Assumptions

(The document that is shown below was developed to introduce participants in a 90-minute-workshop titled Contructing Your Strengths-focused Identity.”  This workshop was offered on 7/17/15, at the XXIst International Congress on Personal Construct Psychology, at the University of Hertfordshire, located in Hatfield, UK.  This document was added to this website because the Assumptions that are listed also underly the practices being promoted on this website, ‘strengths-focused-identity.org’ )



ASSUMPTIONS UNDERLYING THE METHODS USED IN THIS WORKSHOP

 

Articulating your total self-identity is an interesting challenge, but it is too complex and difficult to do.

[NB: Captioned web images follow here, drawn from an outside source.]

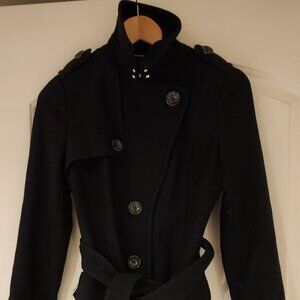 Banana Republic wool trench pea coat with belt- SMALL- black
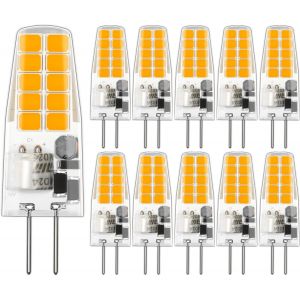 Yemaesre-Ampoule G4 Led Blanc Chaud 3000k, Ampoule Led G4 12v 2w Equivalent 20w Halogène Ampoule G4, 200lm, Sans Scintillement, Non-Dimmable, Led 12v Pour Chambre Salon Cuisine Jardin, Lot De 10 - Neuf
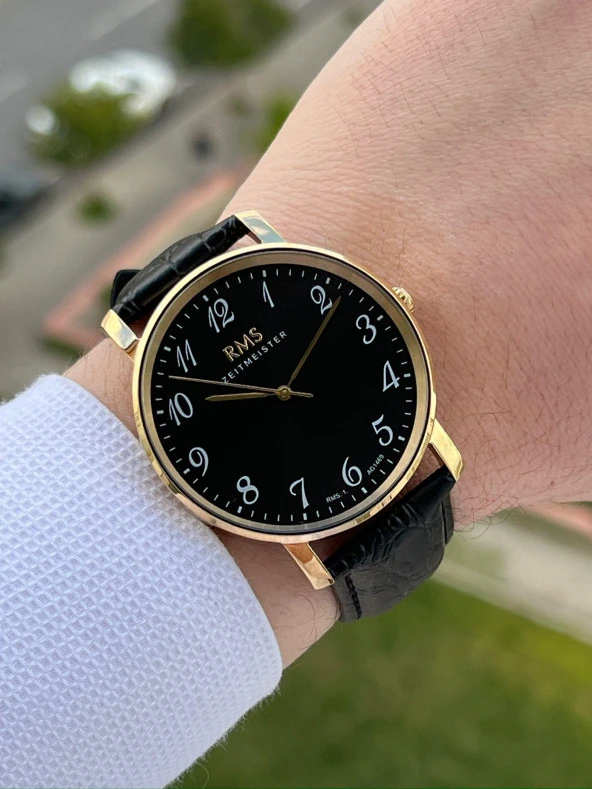 RMS Romanson Zeıtmeıster Deri Kordon Rakamlı Özel Seri 5Atm Suya Dayanıklı Erkek Kol Saati AG1469.04 - Resim 3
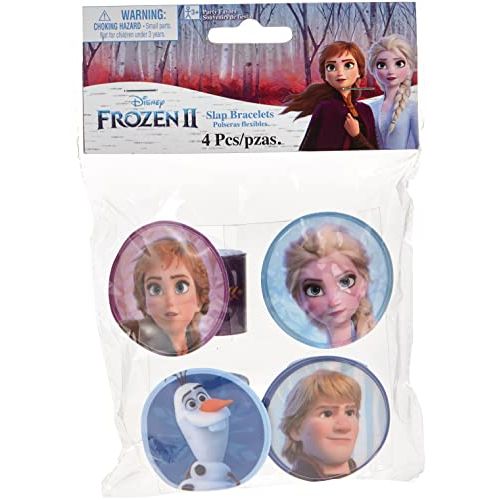  Amscan Frozen 2 Birthday, Plastic Slap Bracelets, Party Favor, 9.25 x 2, 4 Ct.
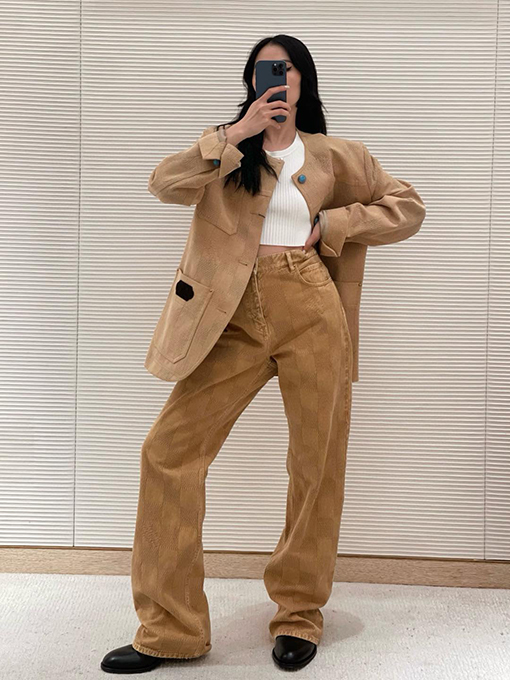 ルイヴィトンスーパーコピー ターコイズチェック柄デニムパンツ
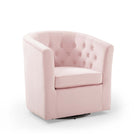 Modway - Prospect Touffe Performance Velvet Fauteuil pivotant - Rose-Fauteuil moderne à dossier de baril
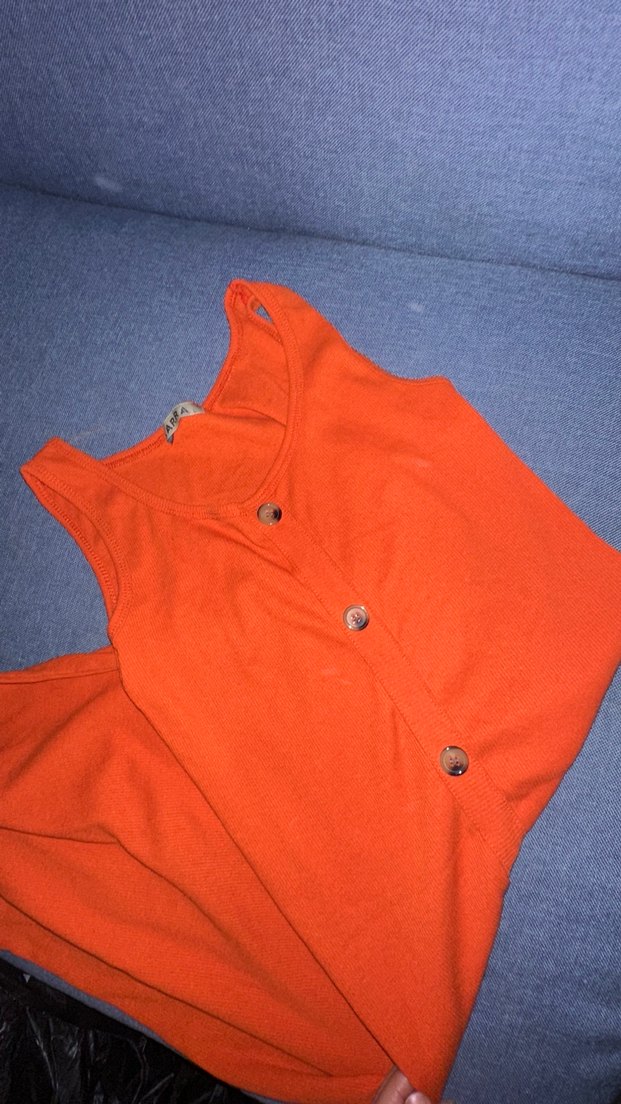 Turuncu Düğmeli Sıfır Kol Midi Elbise - Görsel 3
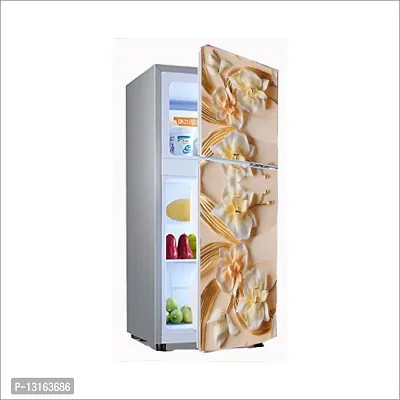Self Adhesive Fridge Sticker Single/Double Door Full Size (160x60) Cm Fridge Stickers | Refrigerator Wall Stickers for Kitchen Decoration | Sticker for Fridge Door (Jasmine)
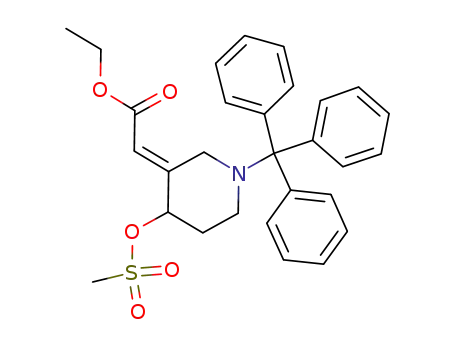 Molecular Structure of 916083-65-3 (Acetic acid,
2-[4-[(methylsulfonyl)oxy]-1-(triphenylmethyl)-3-piperidinylidene]-, ethyl
ester, (2E)-)
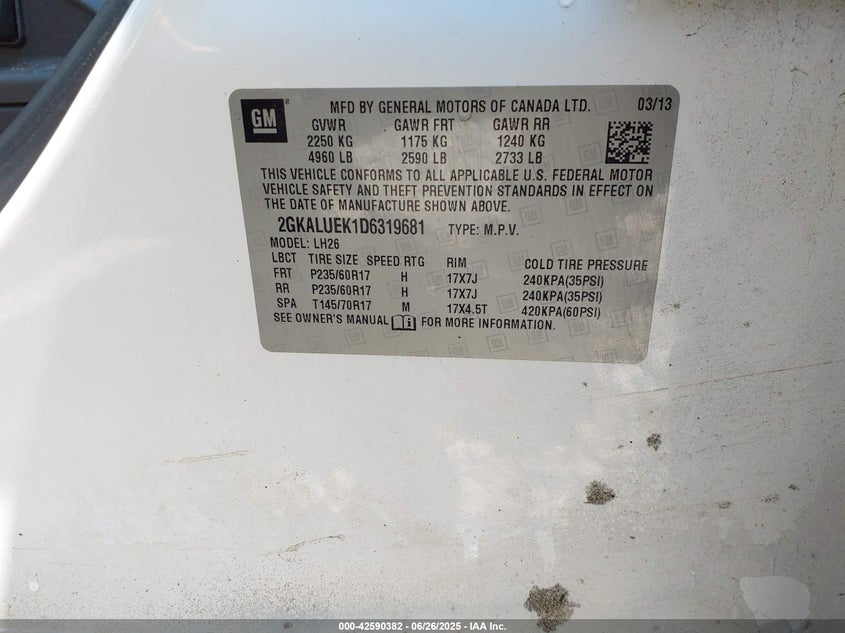 2013 GMC TERRAIN SLT-1 - 2GKALUEK1D6319681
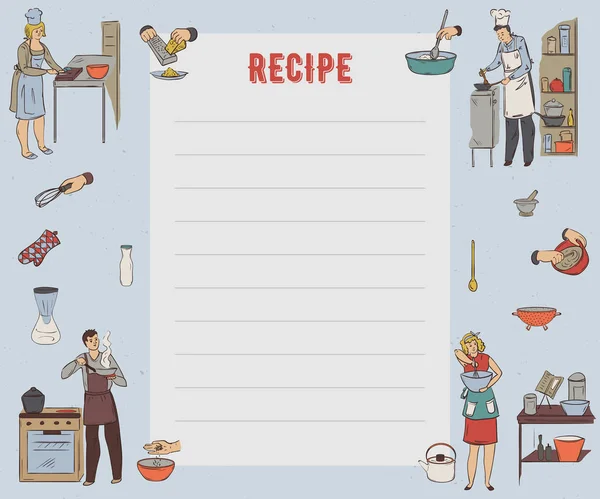 Carte Recette Page Livre Cuisine Modèle Conception Avec Des Personnes — Image vectorielle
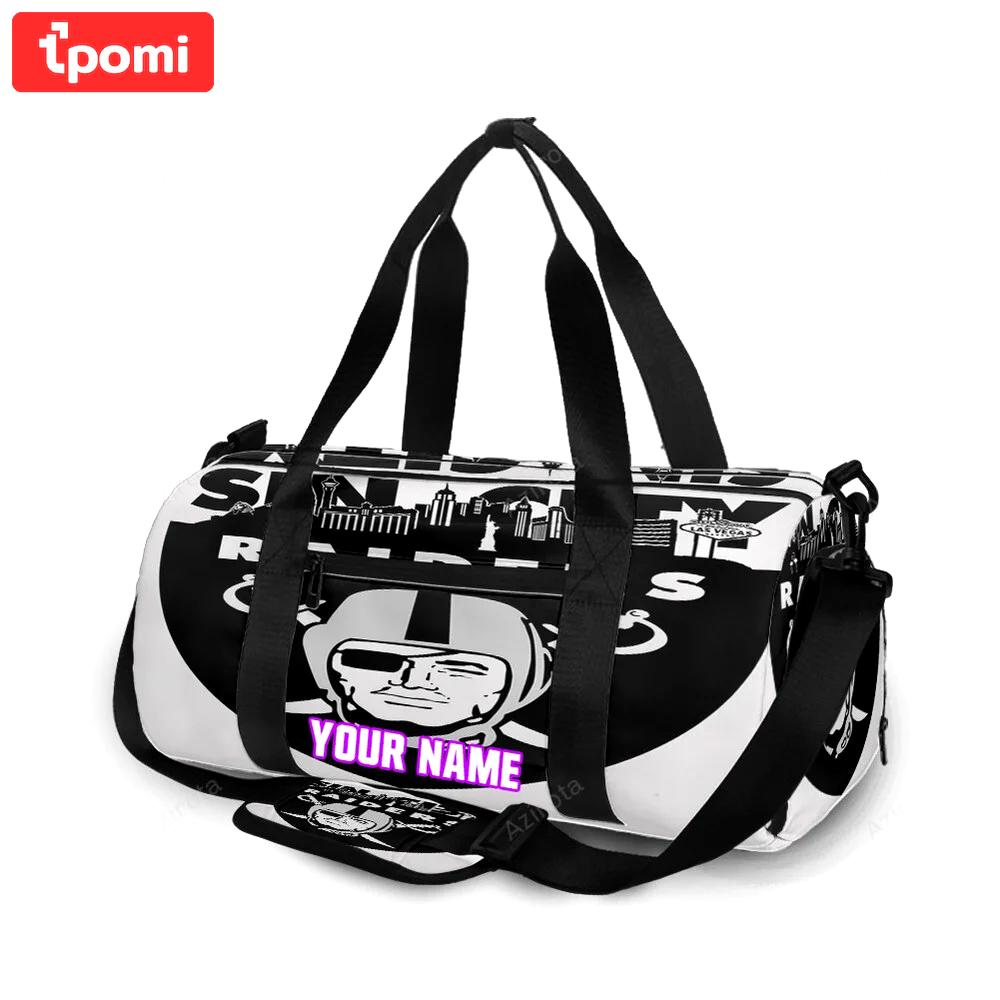 Las vegas raiders logo art sin city personalized name travel bag gym bag 1312 Travel Bag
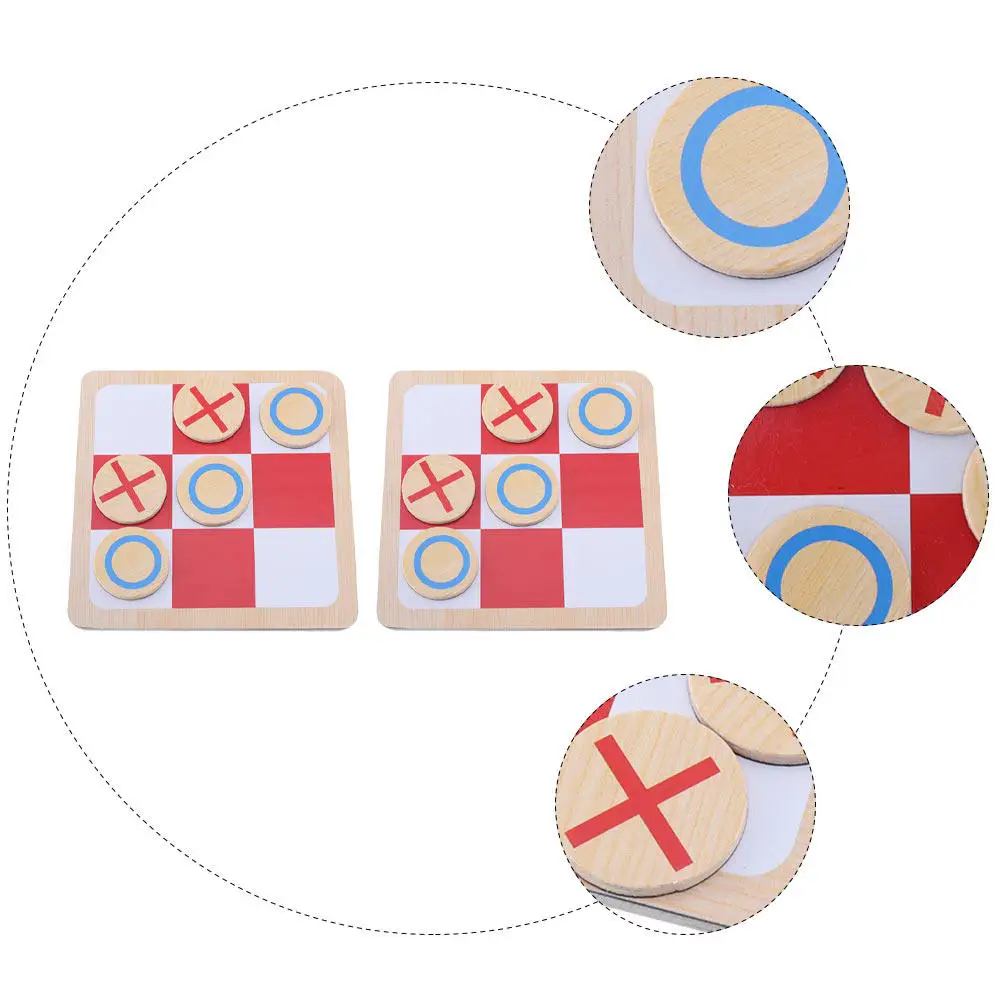

2Sets Russian Basswood Game Smooth Edges Safe Wooden Chess Plaything for Children Concentration Reasoning Family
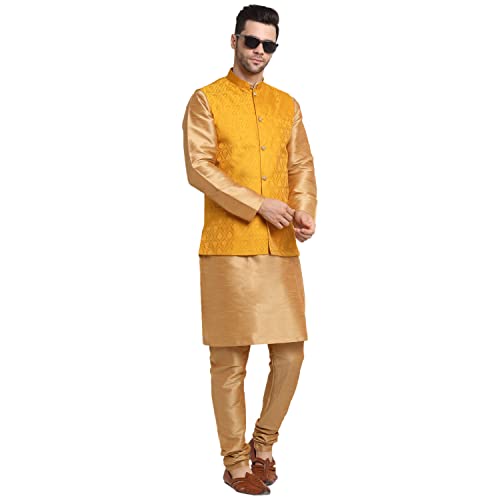 Image of KRAFT INDIA Mens Gold Silk Blend Kurta and Churidar Set With Jacquard Paisley Nehru Jacket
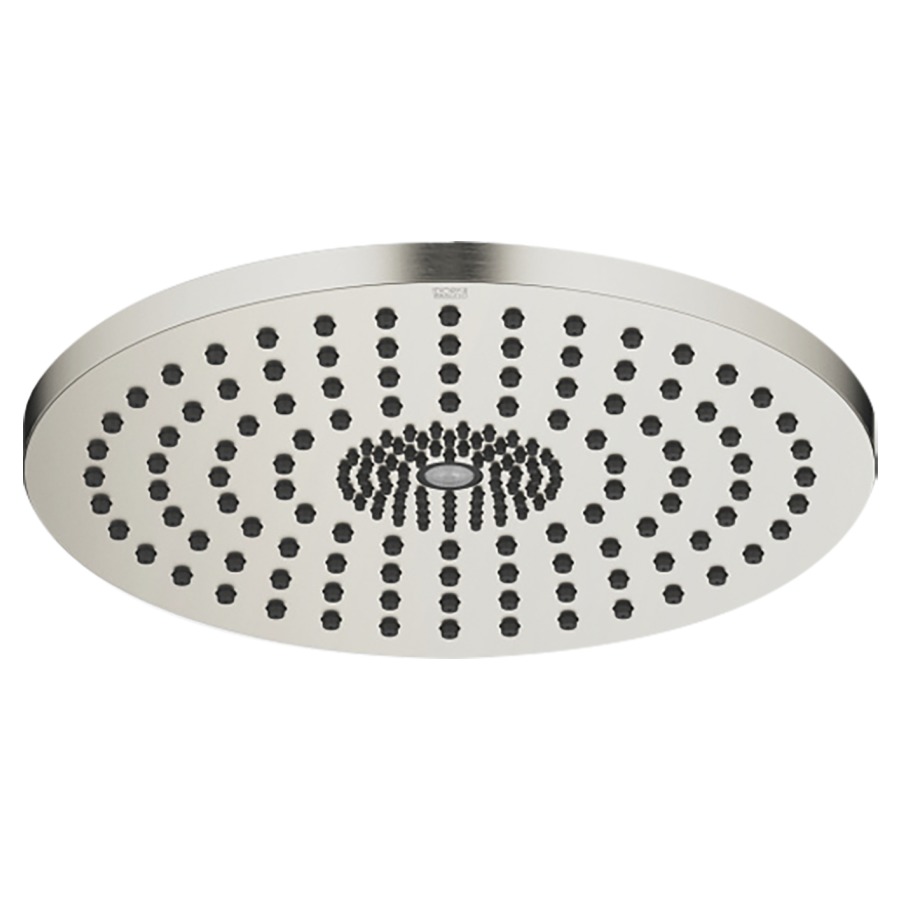 Regenbrause DORNBRACHT
D 30 cm, Antikalk-System
Deckenanschluss 1/2"
Regenstrahl Durchflussmenge
12 l/min, Brausestrahl
Durchflussmenge 6 l/min
ohne Einbaukörper 751 441
mit LED Spot 3000 K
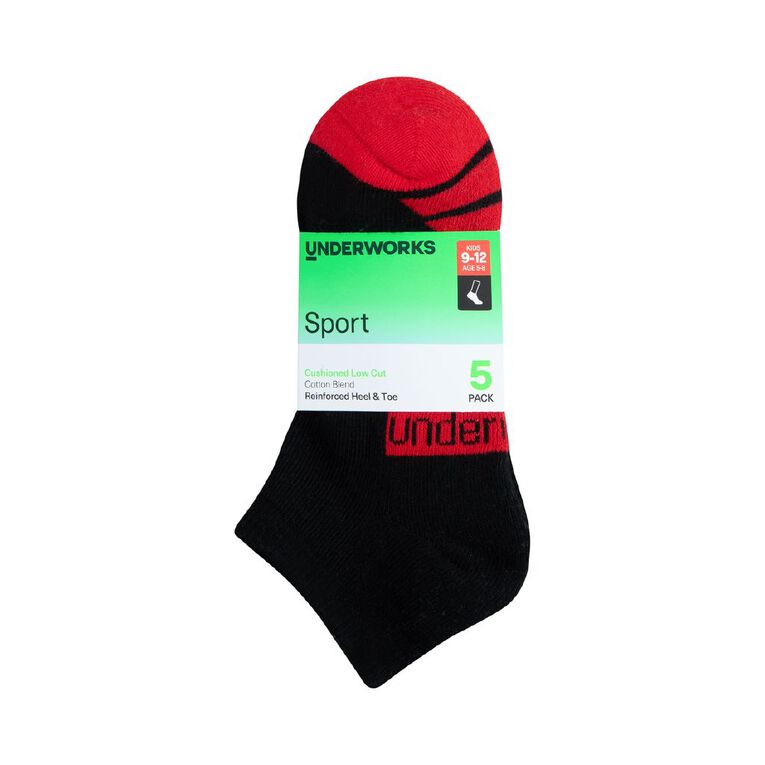 Underworks Boys' Cushioned Sport Low Cut Socks 5 Pack, Black, hi-res
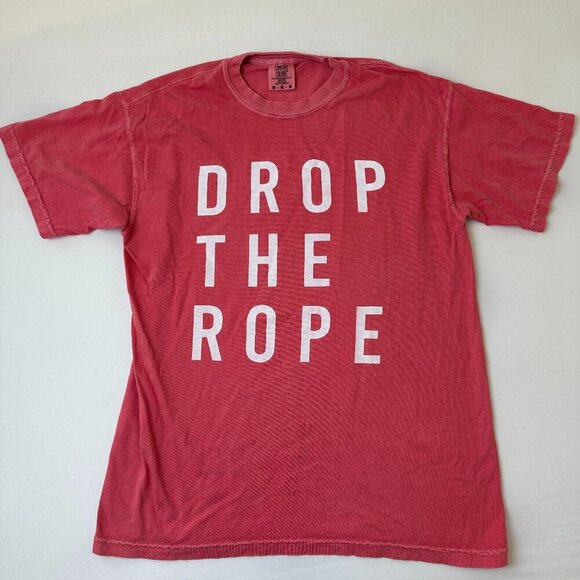 Comfort Colors Shirt Womens Medium Red Drop The Rope Graphic Tee Cotton Slogan - Picture 1 of 9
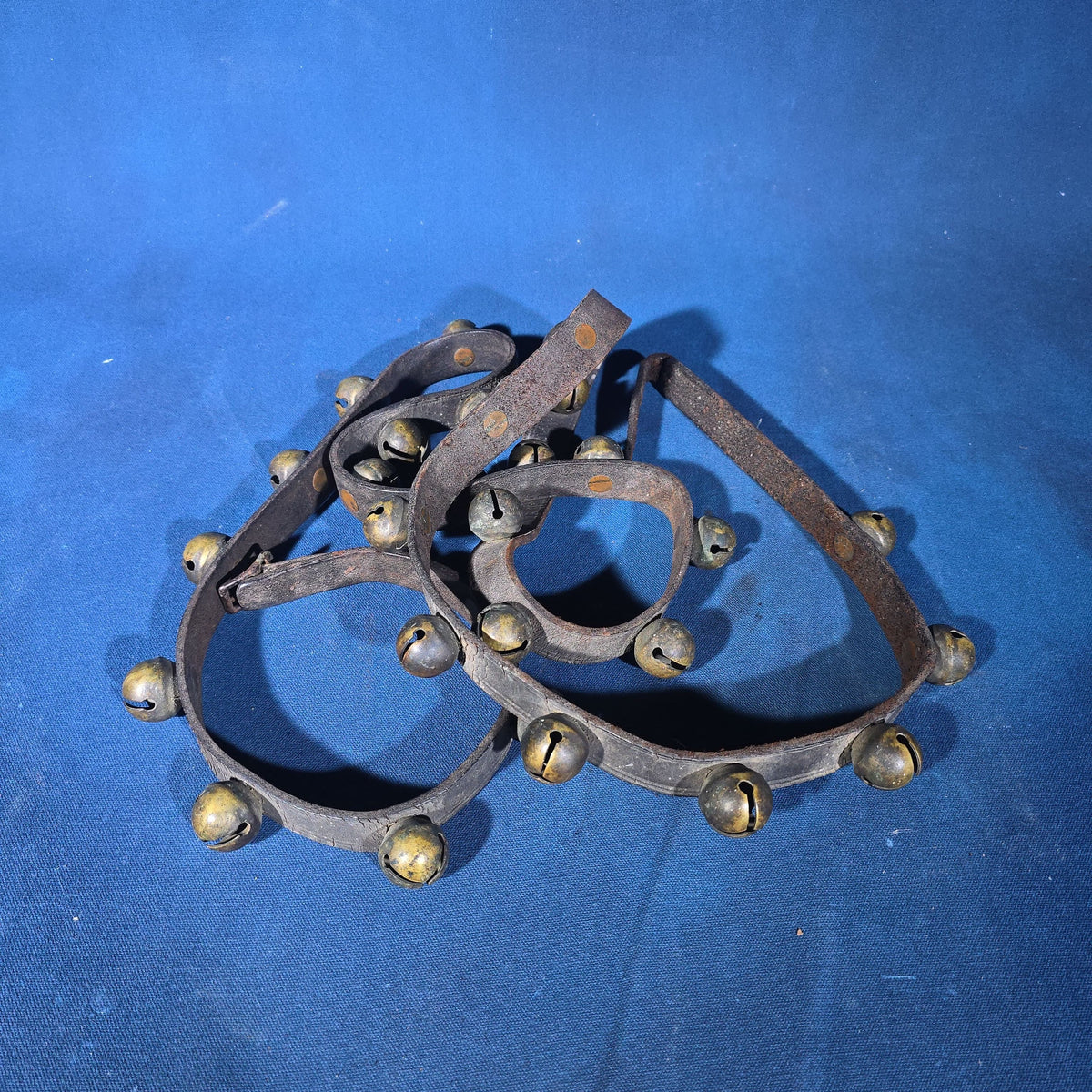Antique Leather Strap of Brass Sleigh Bells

Therefore, this workshop will not address your total self-identity.

 

Focusing on the part of your positive identity that is related to strengths is more useful than trying to deal with your total self-identity. This workshop was designed to help you articulate your strengths-focused-identity.

 

Subjective strengths are more meaningfully connected to positive self-identity than objective strengths. Subjective strengths are positive qualities that are stated in your own unique way of articulating what those strengths mean to you. You do not get the definitions for these strengths from a dictionary. When you use your subjective strengths you feel good.

 

Subjective strengths can be articulated, and/or constructed, through a process that starts with awareness of positive feelings, and is followed by identifying attributions for those feelings. (Or, in other words: “What did I do that caused or influenced those good outcomes that I feel good about?”)

 

“Articulation” means to find words and phrases for communicating thoughts and feelings. (George Kelly developed an effective process of eliciting personal constructs for articulating the construal of one’s personal meanings.)

 

Experiences provide opportunities to feel emotions and to articulate some of the thoughts connected with those emotions.

 

Feelings are your body’s thermometer for expressing positive and negative reactions to what is happening to you at a particular time and place. These feelings are often only partially expressed by your thoughts and the words used to communicate those thoughts.

 

It is proposed that participants in this workshop will become more aware of their positive feelings and more able to articulate subjective strengths that originally caused those feelings to happen.  That is the basic purpose for engaging in the Strengths Articulation process that is being presented in this workshop.

 

The more articulate you become in describing your subjective strengths, the more positive your self-identity becomes.